> Your task:
Would you print exactly the lines that begin the listing and continue through the line holding "Silver Inflation Gun, Metal"? No pictures, please.

> Provided records:

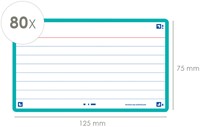 Flashcard Oxford 2.0 75x125mm 80vel 250gr lijn mint-2
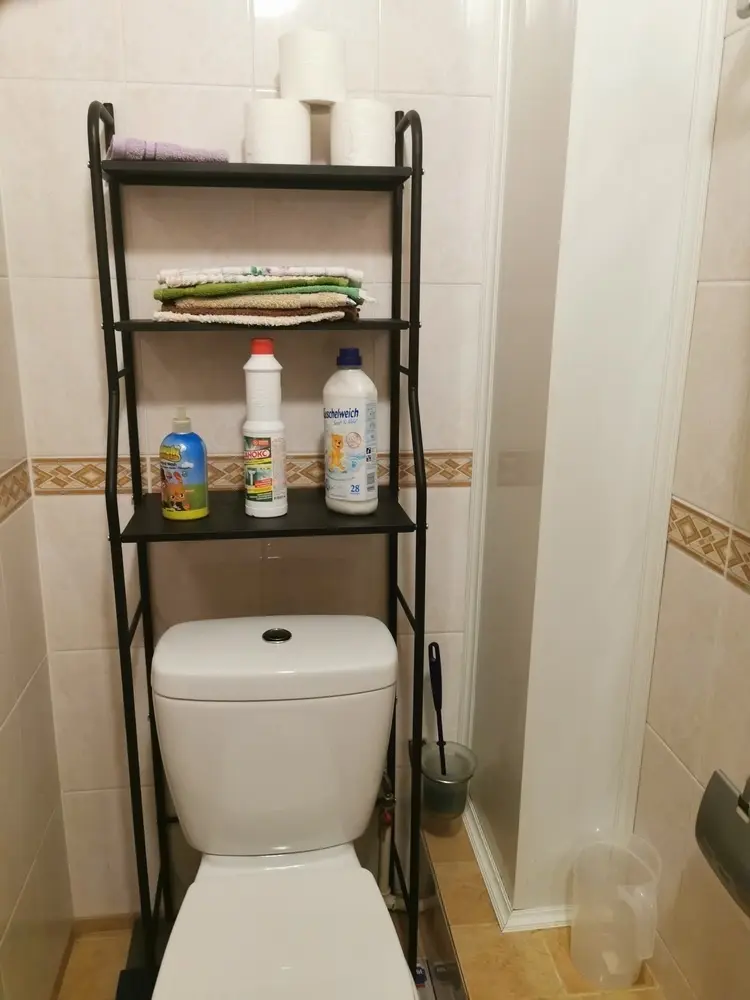 Стеллаж напольный Исток, 48x26x156 см, черный купить,NaN
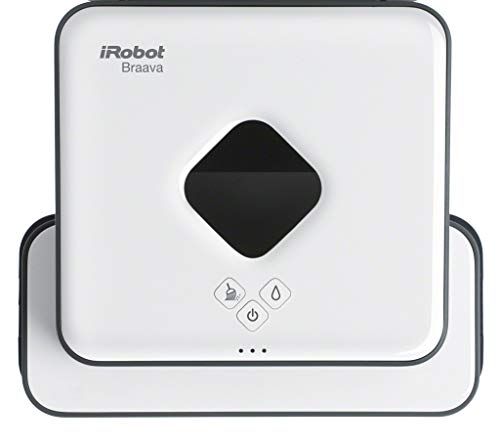 iRobot Braava 390t, robot de limpieza de suelos para varias habitaciones y espacios grandes, silencioso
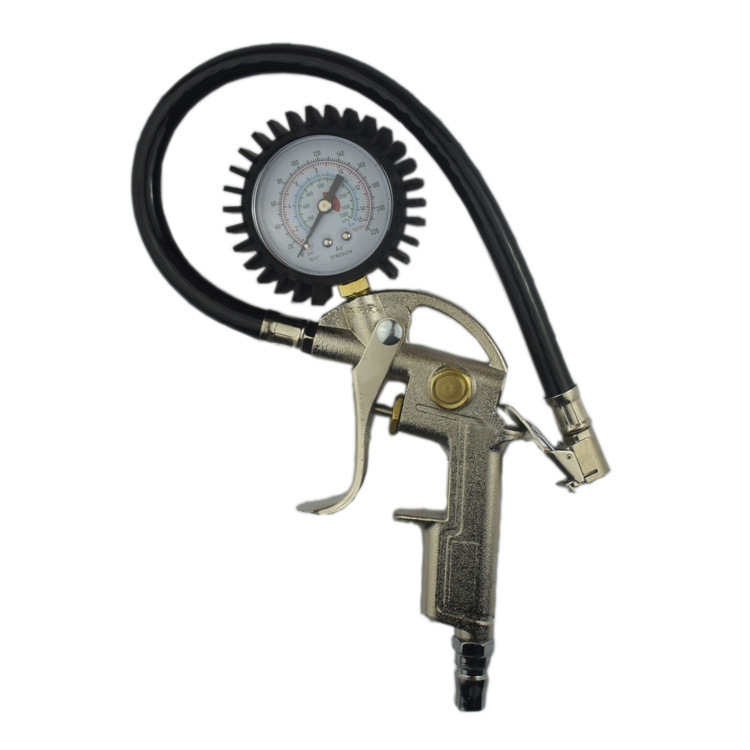 Silver Inflation Gun, Metal Braided Hose, Digital Tire Pressure Gun - Image 6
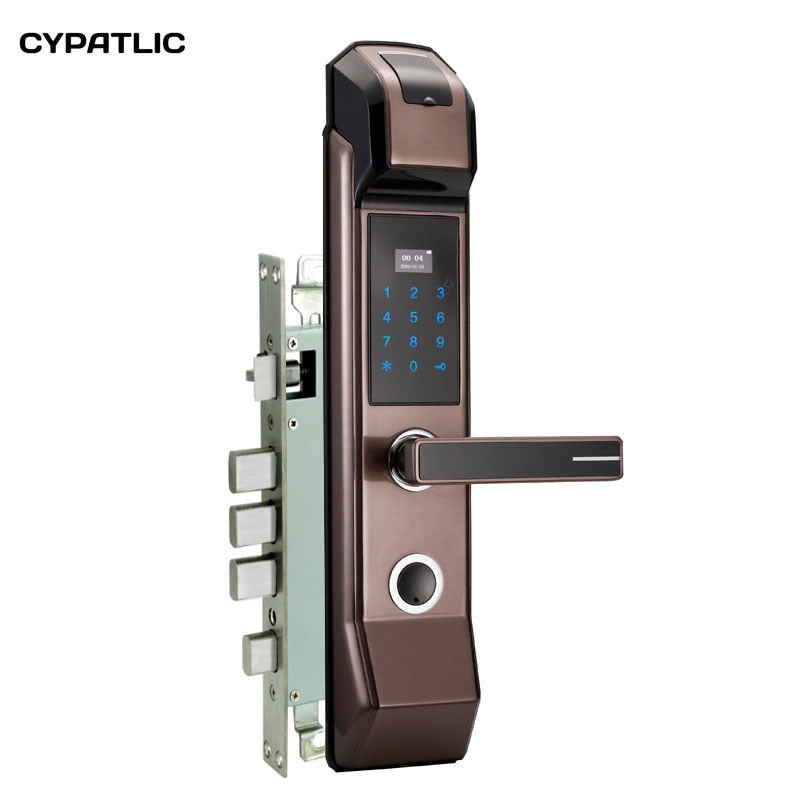 CYPATLIC New Arrival JCF3308 Brown Color Cerradura Inteligente door locks Keypad Cerradura Digital Lock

> Answer for this exercise:
 Flashcard Oxford 2.0 75x125mm 80vel 250gr lijn mint-2
 Стеллаж напольный Исток, 48x26x156 см, черный купить,NaN
 iRobot Braava 390t, robot de limpieza de suelos para varias habitaciones y espacios grandes, silencioso
 Silver Inflation Gun, Metal Braided Hose, Digital Tire Pressure Gun - Image 6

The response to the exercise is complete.